** Opening DATA block **

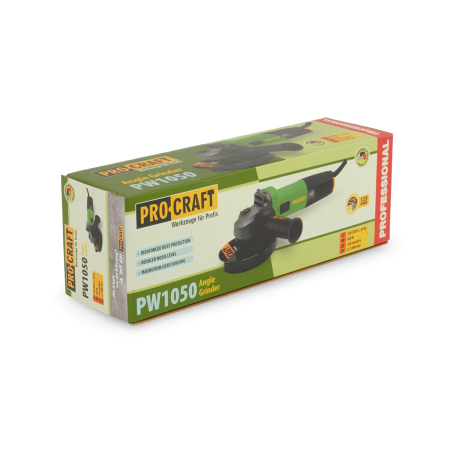 Flex polizor unghiular 850 W, 12,000 rot/min PROCRAFT PW1050 [3]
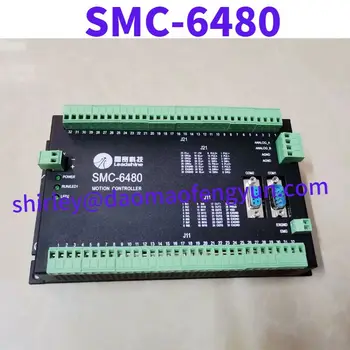 Используется четырехосевой контроллер движения SMC-6480 20
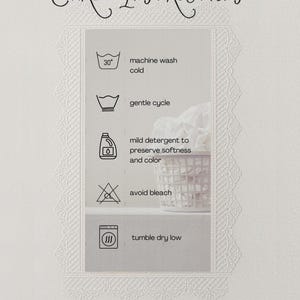 Personalized Cottagecore Goose Blanket Newborn Name Blanket Nursery Decor Baby Girl Gift image 12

** Closing DATA block **

**REQUIRED WORK:**
Give back exactly the lines from the one containing "Используется четырехосевой контроллер" through the last line above, both included, and none of the pictures.

**ANSWER TO THE PROBLEM:**
 Используется четырехосевой контроллер движения SMC-6480 20
 Personalized Cottagecore Goose Blanket Newborn Name Blanket Nursery Decor Baby Girl Gift image 12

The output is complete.